NumPys functions are designed for arrays not for single values or scalars. They have a rather high overhead because they do several checks and conversions that will provide a speed benefit for big arrays but these are costly for scalars.
The conversion is really obvious if you check the type of the return:
>>> import numpy as np
>>> import math
>>> type(np.log(2.))
numpy.float64
>>> type(math.log(2.))
float
On the other hand the math
-module is optimized for scalars. So they don't need that many checks (I think there are only two: Convert to float
and check is it's <= 0
). Which is why math.log
is faster for scalars compared to numpy.log
.
But if you operate on arrays and want to take the logarithm of all elements in the array NumPy can be much faster. On my computer if I time the execution of np.log
on an array compared to math.log
of each item in a list then the timing looks different:
arr = np.arange(1, 10000000)
%timeit np.log(arr)
201 ms ± 959 µs per loop (mean ± std. dev. of 7 runs, 1 loop each)
lst = arr.tolist()
%timeit [math.log(item) for item in lst]
8.77 s ± 63.8 ms per loop (mean ± std. dev. of 7 runs, 1 loop each)
So np.log
will be many orders of magnitude faster on arrays (it's more than 40 times faster in this case)! And you don't need to write any loop yourself. As ufunc np.log
will also correctly work on multidimensional numpy arrays and also allows to do the operation inplace.

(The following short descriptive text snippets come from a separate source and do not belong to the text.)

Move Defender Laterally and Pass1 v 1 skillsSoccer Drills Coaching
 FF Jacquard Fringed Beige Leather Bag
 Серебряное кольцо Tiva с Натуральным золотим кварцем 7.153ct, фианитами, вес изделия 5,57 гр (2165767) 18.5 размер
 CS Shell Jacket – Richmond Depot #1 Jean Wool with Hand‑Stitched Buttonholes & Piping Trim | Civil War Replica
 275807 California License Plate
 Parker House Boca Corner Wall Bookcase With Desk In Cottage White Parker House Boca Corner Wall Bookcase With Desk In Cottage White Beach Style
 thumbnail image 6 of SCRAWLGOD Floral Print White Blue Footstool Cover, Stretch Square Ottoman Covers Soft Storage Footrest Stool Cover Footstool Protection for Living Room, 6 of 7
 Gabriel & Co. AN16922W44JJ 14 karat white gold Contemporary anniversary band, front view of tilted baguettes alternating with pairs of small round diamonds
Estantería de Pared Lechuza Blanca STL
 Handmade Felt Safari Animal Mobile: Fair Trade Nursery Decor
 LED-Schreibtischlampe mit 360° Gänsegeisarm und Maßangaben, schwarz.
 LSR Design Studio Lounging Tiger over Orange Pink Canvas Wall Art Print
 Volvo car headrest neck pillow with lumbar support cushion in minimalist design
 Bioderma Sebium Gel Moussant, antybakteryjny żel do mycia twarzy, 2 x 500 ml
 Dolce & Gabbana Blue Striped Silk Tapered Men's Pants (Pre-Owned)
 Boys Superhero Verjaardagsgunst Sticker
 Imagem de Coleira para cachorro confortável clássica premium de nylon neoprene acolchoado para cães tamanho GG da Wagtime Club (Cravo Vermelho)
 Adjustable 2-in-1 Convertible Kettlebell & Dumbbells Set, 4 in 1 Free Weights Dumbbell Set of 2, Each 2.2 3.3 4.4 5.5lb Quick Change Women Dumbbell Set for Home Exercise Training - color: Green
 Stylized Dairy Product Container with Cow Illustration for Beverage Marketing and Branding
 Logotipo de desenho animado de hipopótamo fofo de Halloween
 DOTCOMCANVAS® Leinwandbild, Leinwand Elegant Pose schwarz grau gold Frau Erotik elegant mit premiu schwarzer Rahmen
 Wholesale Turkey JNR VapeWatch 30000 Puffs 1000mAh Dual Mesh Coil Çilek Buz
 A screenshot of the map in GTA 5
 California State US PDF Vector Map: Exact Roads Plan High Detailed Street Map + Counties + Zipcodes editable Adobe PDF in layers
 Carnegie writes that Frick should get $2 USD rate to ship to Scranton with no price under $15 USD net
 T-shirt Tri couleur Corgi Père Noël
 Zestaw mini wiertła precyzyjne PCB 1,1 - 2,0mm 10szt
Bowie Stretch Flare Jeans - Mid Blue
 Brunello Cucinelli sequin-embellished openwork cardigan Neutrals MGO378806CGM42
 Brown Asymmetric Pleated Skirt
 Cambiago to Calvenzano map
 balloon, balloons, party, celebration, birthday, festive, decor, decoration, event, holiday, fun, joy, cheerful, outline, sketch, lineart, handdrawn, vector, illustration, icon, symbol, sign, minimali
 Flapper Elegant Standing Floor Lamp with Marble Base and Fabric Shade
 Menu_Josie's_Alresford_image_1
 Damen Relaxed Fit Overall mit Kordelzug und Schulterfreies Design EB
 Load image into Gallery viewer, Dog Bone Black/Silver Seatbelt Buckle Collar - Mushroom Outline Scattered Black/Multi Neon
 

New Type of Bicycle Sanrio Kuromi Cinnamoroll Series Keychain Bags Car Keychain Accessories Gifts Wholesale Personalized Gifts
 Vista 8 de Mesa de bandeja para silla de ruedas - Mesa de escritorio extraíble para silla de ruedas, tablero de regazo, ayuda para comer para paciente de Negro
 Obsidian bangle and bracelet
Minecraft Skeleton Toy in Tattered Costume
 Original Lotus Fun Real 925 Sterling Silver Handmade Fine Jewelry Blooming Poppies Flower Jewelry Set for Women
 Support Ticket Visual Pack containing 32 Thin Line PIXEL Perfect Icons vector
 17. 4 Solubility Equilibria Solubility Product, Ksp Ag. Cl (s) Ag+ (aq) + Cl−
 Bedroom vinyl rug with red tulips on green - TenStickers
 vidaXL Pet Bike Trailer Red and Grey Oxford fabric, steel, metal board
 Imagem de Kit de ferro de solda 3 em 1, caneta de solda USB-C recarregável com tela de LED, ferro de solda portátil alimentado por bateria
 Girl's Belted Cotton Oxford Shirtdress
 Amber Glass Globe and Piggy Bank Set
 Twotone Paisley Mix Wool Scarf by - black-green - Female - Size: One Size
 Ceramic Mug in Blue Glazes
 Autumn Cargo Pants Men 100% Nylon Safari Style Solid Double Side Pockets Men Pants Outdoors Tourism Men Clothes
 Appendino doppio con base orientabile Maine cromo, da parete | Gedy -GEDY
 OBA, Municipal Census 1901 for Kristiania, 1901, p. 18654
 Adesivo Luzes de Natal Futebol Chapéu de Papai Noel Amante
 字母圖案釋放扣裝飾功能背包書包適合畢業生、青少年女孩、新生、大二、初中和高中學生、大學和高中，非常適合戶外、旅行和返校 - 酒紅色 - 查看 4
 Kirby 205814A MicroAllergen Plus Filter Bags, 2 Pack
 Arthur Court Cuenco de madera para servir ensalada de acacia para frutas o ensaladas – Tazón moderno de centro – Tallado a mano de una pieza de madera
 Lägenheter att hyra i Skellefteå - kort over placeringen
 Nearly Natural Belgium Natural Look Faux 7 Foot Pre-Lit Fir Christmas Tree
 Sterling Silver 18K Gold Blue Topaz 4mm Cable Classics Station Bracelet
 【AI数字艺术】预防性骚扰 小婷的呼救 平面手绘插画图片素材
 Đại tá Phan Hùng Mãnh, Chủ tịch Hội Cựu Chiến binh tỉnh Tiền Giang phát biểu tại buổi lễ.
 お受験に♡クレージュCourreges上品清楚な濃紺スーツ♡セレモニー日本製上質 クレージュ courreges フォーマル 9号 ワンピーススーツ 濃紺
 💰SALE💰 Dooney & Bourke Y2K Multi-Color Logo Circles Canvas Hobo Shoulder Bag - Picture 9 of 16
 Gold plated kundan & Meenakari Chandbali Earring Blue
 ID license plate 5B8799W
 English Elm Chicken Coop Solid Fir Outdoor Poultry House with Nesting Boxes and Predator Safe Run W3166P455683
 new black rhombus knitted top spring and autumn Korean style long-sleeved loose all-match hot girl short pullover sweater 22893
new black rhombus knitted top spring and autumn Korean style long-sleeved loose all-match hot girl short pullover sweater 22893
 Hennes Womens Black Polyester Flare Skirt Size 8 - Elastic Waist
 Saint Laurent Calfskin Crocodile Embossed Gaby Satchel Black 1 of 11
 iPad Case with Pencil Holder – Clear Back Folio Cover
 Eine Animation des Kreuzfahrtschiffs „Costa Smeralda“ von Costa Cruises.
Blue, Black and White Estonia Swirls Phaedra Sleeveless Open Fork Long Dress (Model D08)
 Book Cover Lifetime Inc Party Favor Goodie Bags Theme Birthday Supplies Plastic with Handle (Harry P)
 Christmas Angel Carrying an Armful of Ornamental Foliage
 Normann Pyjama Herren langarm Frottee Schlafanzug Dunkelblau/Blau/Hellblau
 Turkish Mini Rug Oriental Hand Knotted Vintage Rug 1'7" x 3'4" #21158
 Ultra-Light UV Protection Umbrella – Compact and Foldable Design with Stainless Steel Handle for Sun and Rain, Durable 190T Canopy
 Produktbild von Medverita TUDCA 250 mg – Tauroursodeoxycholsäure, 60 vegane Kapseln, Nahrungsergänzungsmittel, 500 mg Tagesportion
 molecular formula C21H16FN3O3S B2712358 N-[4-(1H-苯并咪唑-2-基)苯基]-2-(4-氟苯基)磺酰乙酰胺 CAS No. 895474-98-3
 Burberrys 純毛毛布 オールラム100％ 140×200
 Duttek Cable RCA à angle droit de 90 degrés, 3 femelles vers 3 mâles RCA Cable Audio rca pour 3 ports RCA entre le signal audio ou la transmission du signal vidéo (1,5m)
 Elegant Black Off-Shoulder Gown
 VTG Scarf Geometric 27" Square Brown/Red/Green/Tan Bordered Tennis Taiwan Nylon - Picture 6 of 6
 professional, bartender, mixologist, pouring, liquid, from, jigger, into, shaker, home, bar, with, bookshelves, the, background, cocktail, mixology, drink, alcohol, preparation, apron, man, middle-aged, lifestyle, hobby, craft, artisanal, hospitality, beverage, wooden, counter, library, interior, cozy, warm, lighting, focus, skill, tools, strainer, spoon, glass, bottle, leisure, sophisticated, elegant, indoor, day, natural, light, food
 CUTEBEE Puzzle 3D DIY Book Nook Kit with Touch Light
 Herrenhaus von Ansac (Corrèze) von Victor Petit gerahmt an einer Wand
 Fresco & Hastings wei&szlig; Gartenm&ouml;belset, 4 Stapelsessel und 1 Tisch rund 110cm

As a rule of thumb: If you have an array with thousands of items NumPy will be faster, if you have scalars or only a few dozen items math
+ explicit loop will be faster.
Also don't use time
for timing code. There are dedicated modules that give more accurate results, better statistics and disable garbage collection during the timings:
I generally use %timeit
which is a convenient wrapper around the timeit
functionality, but it requires IPython. They already conveniently display the result mean and deviation and do some (mostly) useful statistics like displaying the "best of 7" or "best of 3" result.
I recently analyzed the runtime behaviour of numpy functions for another question, some of the points also apply here.